**Dataset content**:
^^^^^^^^

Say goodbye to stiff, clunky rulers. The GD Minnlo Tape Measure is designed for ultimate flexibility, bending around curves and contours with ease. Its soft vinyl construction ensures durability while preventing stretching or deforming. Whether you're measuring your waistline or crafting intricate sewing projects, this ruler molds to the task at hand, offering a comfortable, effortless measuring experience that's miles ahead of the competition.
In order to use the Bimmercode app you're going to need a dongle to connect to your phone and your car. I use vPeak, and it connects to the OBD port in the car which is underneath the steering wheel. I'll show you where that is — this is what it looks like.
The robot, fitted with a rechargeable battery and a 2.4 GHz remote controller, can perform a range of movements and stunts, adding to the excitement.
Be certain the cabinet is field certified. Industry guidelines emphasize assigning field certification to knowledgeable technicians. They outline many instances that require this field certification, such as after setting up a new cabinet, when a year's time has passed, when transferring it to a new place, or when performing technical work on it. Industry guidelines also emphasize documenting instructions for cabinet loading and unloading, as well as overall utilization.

^^^^^^^^

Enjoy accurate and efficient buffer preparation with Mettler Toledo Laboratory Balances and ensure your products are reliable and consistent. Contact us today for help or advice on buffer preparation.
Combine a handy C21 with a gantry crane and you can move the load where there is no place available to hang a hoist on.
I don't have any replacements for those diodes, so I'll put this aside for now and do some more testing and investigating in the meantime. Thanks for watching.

^^^^^^^^

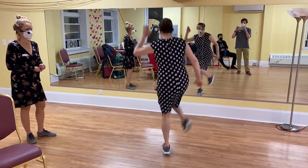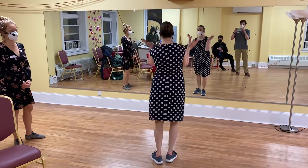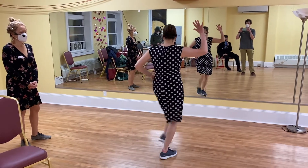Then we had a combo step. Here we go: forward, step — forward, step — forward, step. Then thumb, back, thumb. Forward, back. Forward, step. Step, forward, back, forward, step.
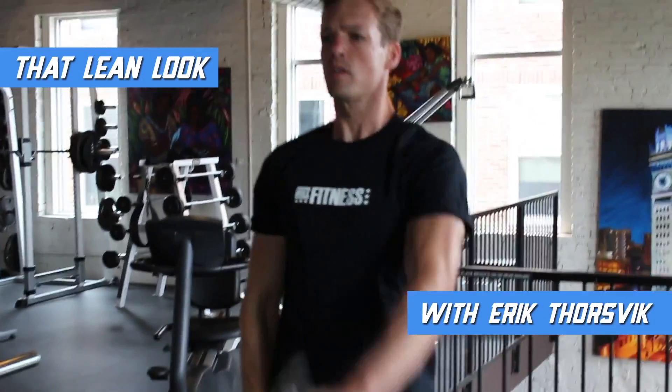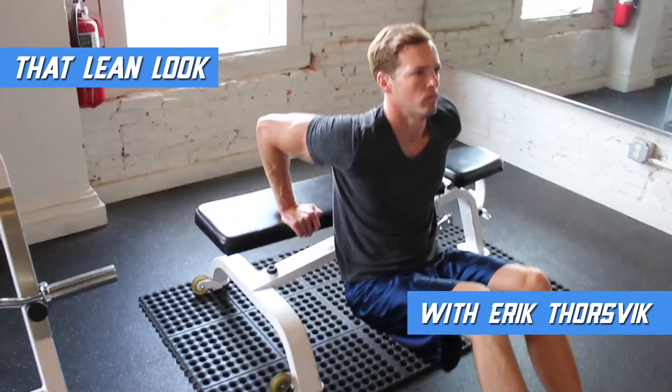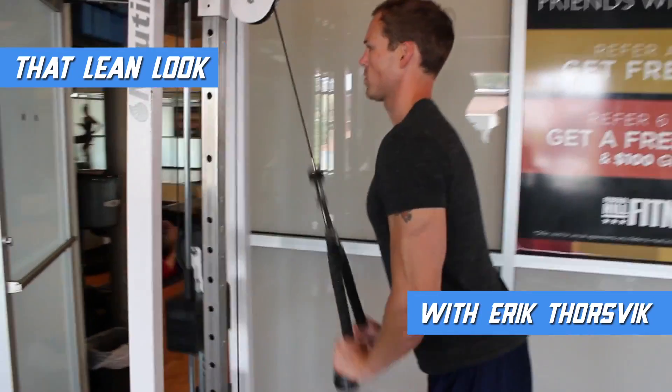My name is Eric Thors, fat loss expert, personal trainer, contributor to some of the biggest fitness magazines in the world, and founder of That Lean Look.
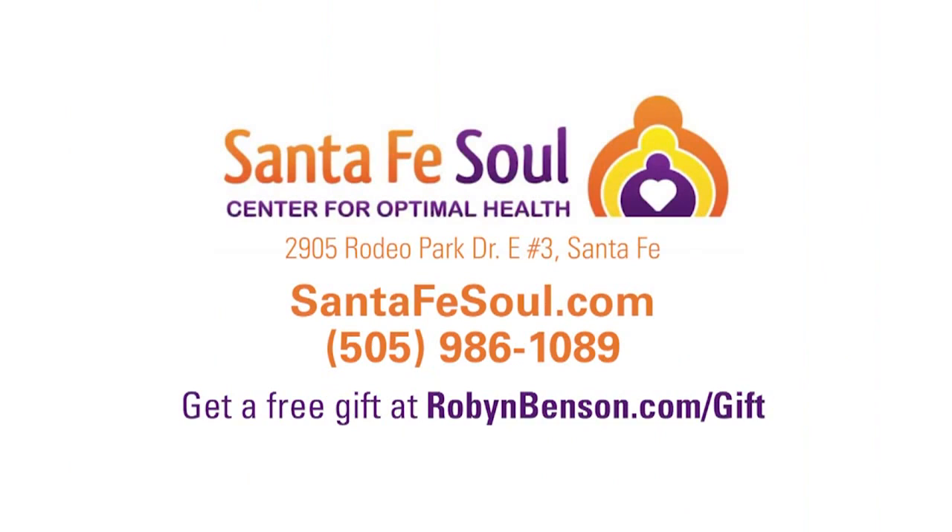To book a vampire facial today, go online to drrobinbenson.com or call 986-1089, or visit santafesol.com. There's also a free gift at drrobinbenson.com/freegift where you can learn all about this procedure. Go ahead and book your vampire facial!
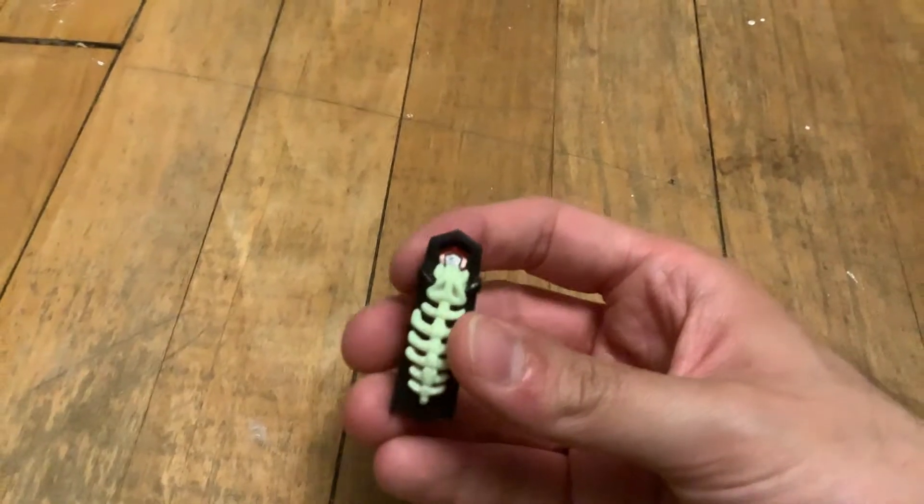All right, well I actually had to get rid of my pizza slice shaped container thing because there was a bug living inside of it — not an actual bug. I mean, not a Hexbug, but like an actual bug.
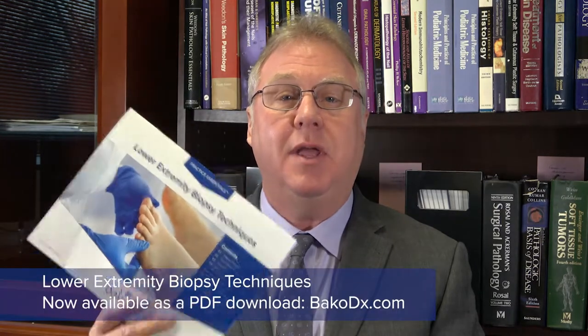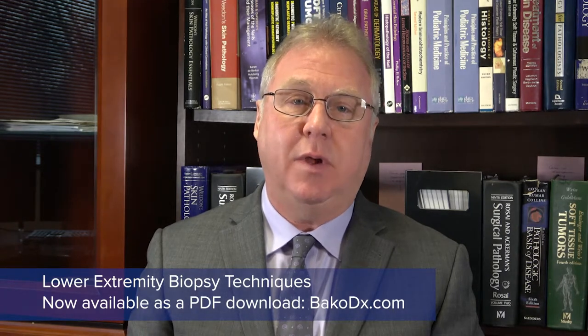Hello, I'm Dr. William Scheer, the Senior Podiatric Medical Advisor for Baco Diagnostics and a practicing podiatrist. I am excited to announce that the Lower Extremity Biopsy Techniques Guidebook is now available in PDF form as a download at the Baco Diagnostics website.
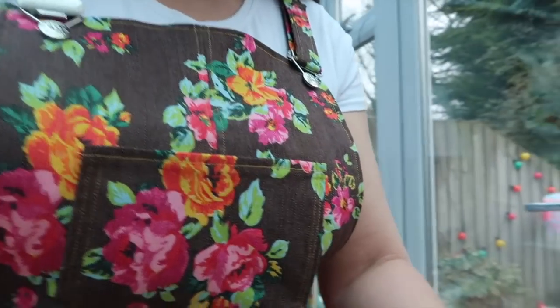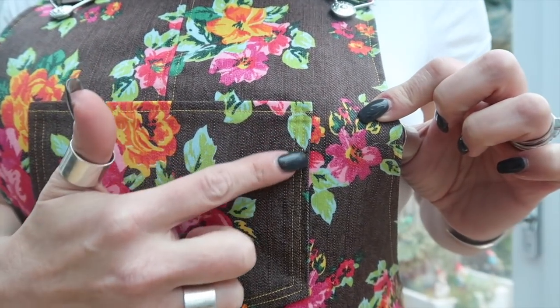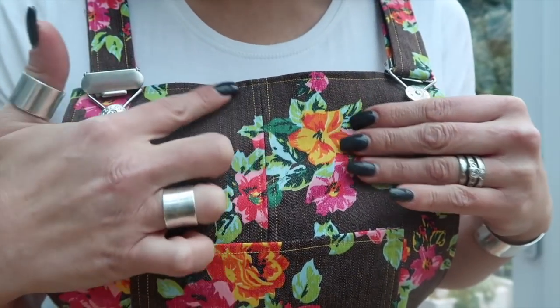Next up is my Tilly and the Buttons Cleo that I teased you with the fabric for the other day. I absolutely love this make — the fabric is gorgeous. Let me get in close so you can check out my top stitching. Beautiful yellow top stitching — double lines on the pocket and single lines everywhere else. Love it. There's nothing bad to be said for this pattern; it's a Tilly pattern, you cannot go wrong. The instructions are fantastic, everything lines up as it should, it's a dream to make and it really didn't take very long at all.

^^^^^^^^

**Task directions**: For the material above, give again only the lines starting at the line that contains "To book a vampire" and ending at the line that contains "Hello, I'm Dr.". Pictures do not belong in the copy.

**Exercise answer**:
To book a vampire facial today, go online to drrobinbenson.com or call 986-1089, or visit santafesol.com. There's also a free gift at drrobinbenson.com/freegift where you can learn all about this procedure. Go ahead and book your vampire facial!
All right, well I actually had to get rid of my pizza slice shaped container thing because there was a bug living inside of it — not an actual bug. I mean, not a Hexbug, but like an actual bug.
Hello, I'm Dr. William Scheer, the Senior Podiatric Medical Advisor for Baco Diagnostics and a practicing podiatrist. I am excited to announce that the Lower Extremity Biopsy Techniques Guidebook is now available in PDF form as a download at the Baco Diagnostics website.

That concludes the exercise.